[[ Task input, beginning ]]
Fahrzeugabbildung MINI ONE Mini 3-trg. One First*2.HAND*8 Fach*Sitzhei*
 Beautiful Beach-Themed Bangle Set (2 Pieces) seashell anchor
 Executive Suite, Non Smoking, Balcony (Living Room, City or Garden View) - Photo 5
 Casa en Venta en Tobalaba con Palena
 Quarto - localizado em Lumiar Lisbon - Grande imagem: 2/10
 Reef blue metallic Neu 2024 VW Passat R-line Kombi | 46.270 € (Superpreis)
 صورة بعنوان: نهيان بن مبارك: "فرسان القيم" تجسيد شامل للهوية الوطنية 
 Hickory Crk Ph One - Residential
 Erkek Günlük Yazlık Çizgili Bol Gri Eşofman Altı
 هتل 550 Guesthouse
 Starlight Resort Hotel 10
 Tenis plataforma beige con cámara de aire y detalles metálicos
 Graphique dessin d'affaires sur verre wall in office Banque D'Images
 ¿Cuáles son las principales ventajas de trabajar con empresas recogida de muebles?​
[[ Task input, end ]]
Task details: The lines to reproduce run from the one that contains "Hickory Crk Ph One - Residential" through the last line above; copy them exactly.

Output of the task:
 Hickory Crk Ph One - Residential
 Erkek Günlük Yazlık Çizgili Bol Gri Eşofman Altı
 هتل 550 Guesthouse
 Starlight Resort Hotel 10
 Tenis plataforma beige con cámara de aire y detalles metálicos
 Graphique dessin d'affaires sur verre wall in office Banque D'Images
 ¿Cuáles son las principales ventajas de trabajar con empresas recogida de muebles?​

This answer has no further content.